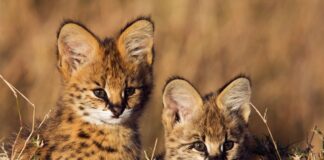 Pretty Feline: 10 Rare & Beautiful Wild Cats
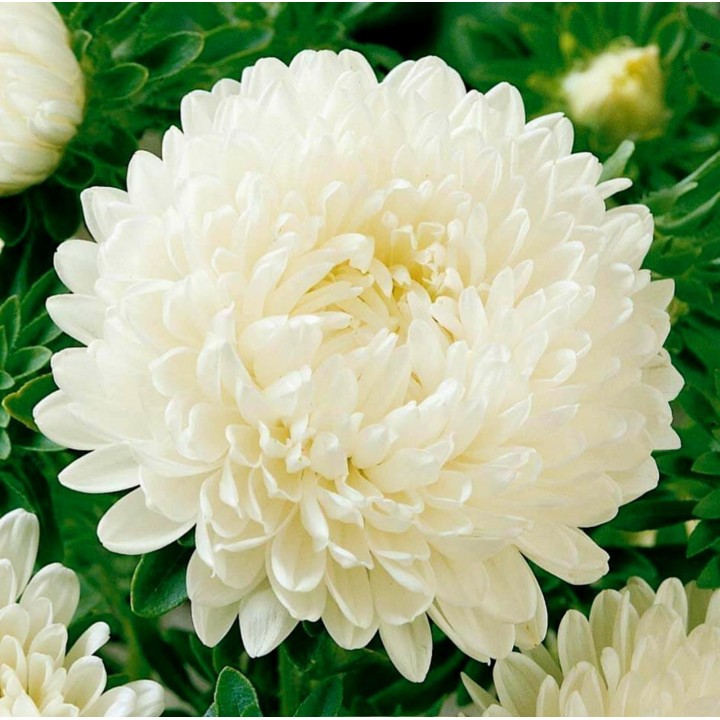 Aster chiński biały 228.714671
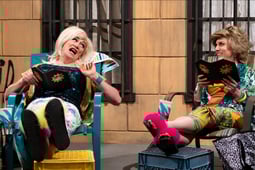 Studio C, Season 14 Episode 6 image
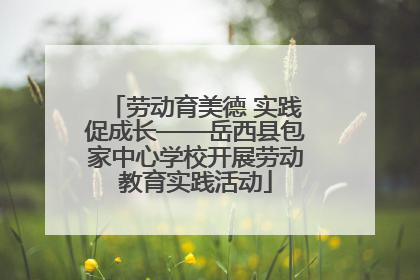 劳动育美德 实践促成长——岳西县包家中心学校开展劳动教育实践活动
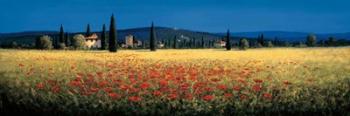Tuscan Panorama - Poppies | Obraz na stenu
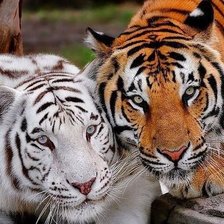 Cross stitch pattern: #2032472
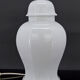Pied de lampe en porcelaine blanche par Pillivuyt, Japonisme, France, circa 1970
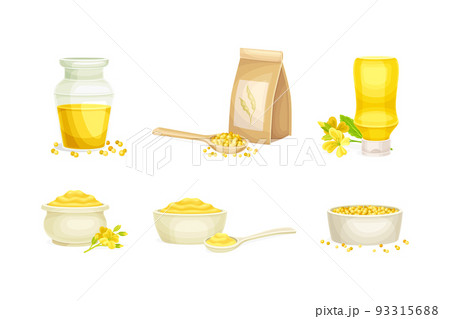 Mustard Yellow Paste in Bowl, Oil in Glass Jar and Grain or Seeds Vector Set 93315688
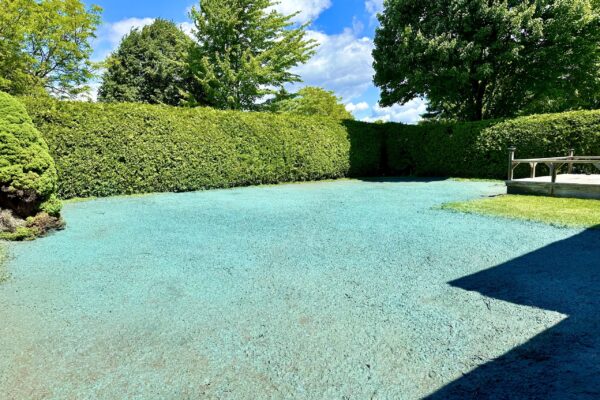 Hydroseed_IMG_1719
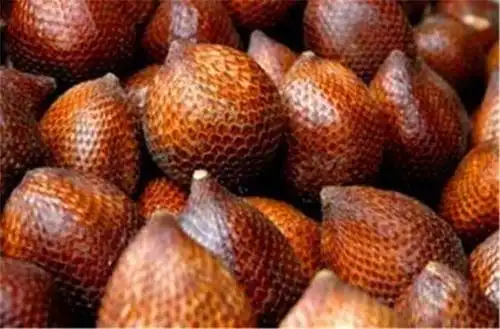 41种不常见的罕见水果图片和名字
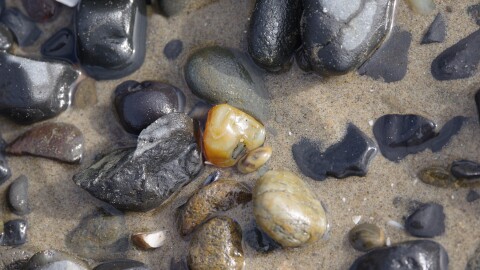 Rocks on Ona beach on April 1, 2023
┄┄┄┄┄┄
DESCRIPTION OF THE TASK:
Copy the whole of the material above exactly, and exclude every picture.

TASK ANSWER:
 Pretty Feline: 10 Rare & Beautiful Wild Cats
 Aster chiński biały 228.714671
 Studio C, Season 14 Episode 6 image
 劳动育美德 实践促成长——岳西县包家中心学校开展劳动教育实践活动
Tuscan Panorama - Poppies | Obraz na stenu
 Cross stitch pattern: #2032472
Pied de lampe en porcelaine blanche par Pillivuyt, Japonisme, France, circa 1970
 Mustard Yellow Paste in Bowl, Oil in Glass Jar and Grain or Seeds Vector Set 93315688
 Hydroseed_IMG_1719
 41种不常见的罕见水果图片和名字
 Rocks on Ona beach on April 1, 2023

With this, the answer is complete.